Monday 31 March 2014

A full employment target is no longer enough

The political economy of full employment has been my principal professional interest – some might say obsession – for the past 30 years. For much of that time the concept has remained dormant, having been placed in deep freeze in the late 1970s. But every now and then a politician decides to revive the idea, suitably reframed for a new audience, as the UK Chancellor of the Exchequer, George Osborne, did earlier today.  

Even though politicians on the left long ago abandoned the Keynesian-style policy mechanisms associated with full employment in its post war heyday, they have generally been more comfortable about promoting it as an objective. Conservatives, by contrast, have to skirt round the unhelpful fact that Mrs Thatcher disliked the idea (the former prime minister claimed to always carry a copy of the 1944 employment policy white paper in her handbag, but presumably only as a reminder never to back-slide on her neo-liberal principles). Tory Chancellors, such as Ken Clark in 1994 and now George Osborne, instead evoke Churchill as an advocate of full-employment, while at the same time applying the concept to an entirely different frame of economic reference.

Mr Osborne’s task is to suggest that his current, and presumably future, agenda of tax cuts and welfare reforms is needed to propel the UK to top spot in the G7 when it comes to the employment rate (i.e. the proportion of the population in work). To Mr Osborne’s credit this is a specific full employment target – most of his predecessors have aimed more loosely at ‘a high and stable’ level of employment. However, although this is a moving target – since employment rates in other G7 countries will be changing too - it isn’t particularly stretching, and on current Office for Budget Responsibility projections will probably be met within five years without any changes to policy.

And here’s the rub.

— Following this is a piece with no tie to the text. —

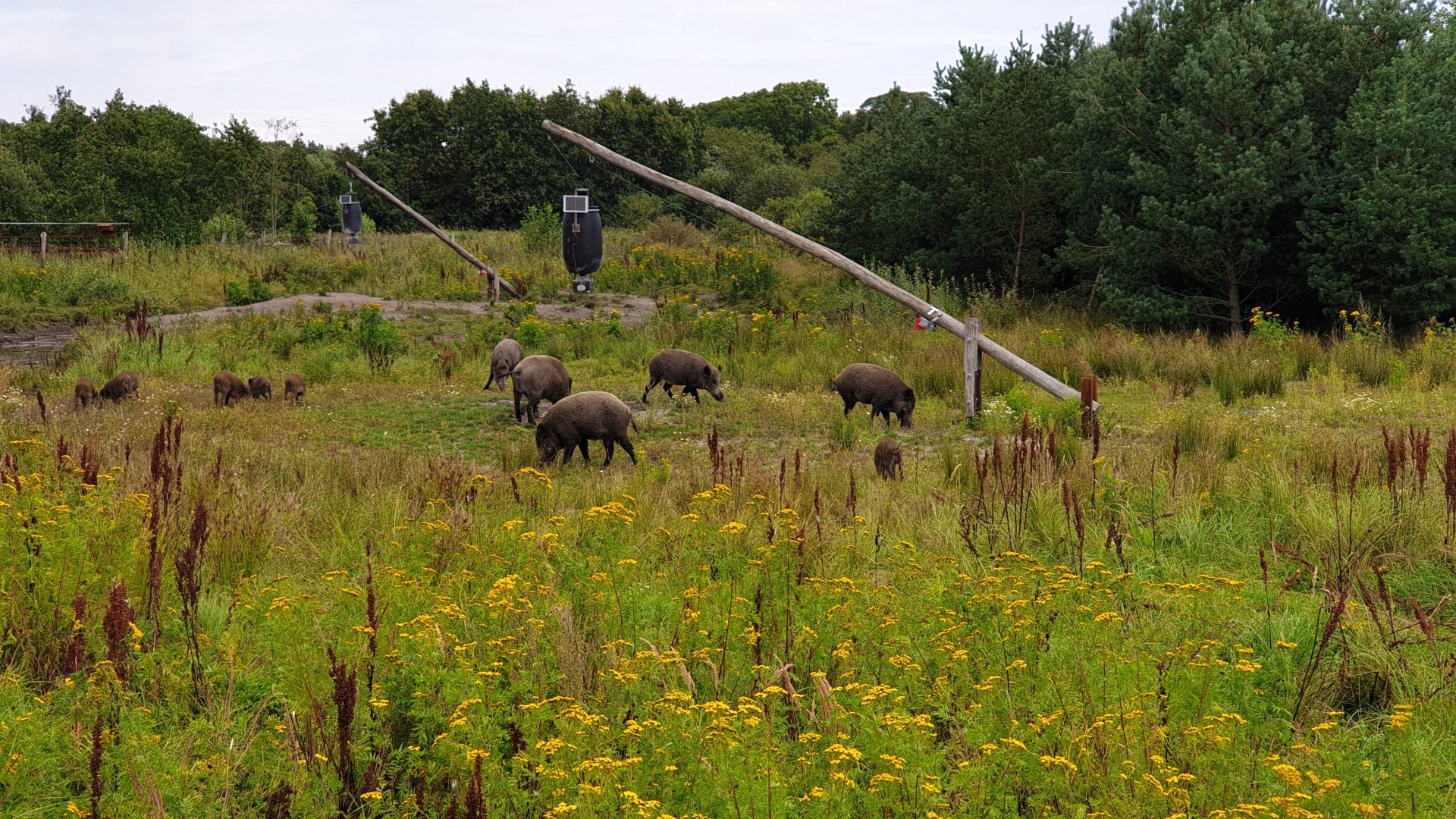 Lille Vildmose august 2019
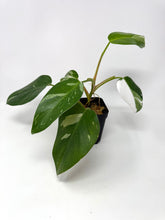 Load image into Gallery viewer, Philodendron White Princess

A generation ago full-employment was hard to achieve in the UK because an inflexible labour market meant wage inflation proved to be a serious problem even when the unemployment rate was close to 10%. But after 30 years of supply side reform, Mr Osborne has the good fortune to have inherited an economy with a labour market so flexible it can churn out jobs without triggering inflation until unemployment is close to, or perhaps even below, 5%. In other words, the Chancellor knows that in looking forward to full employment he is on to a winner. All he need do is sit back and wait for the economic recovery to create jobs, raise the employment rate to 75% and cut unemployment from around 2.3 million to around 1.5 million.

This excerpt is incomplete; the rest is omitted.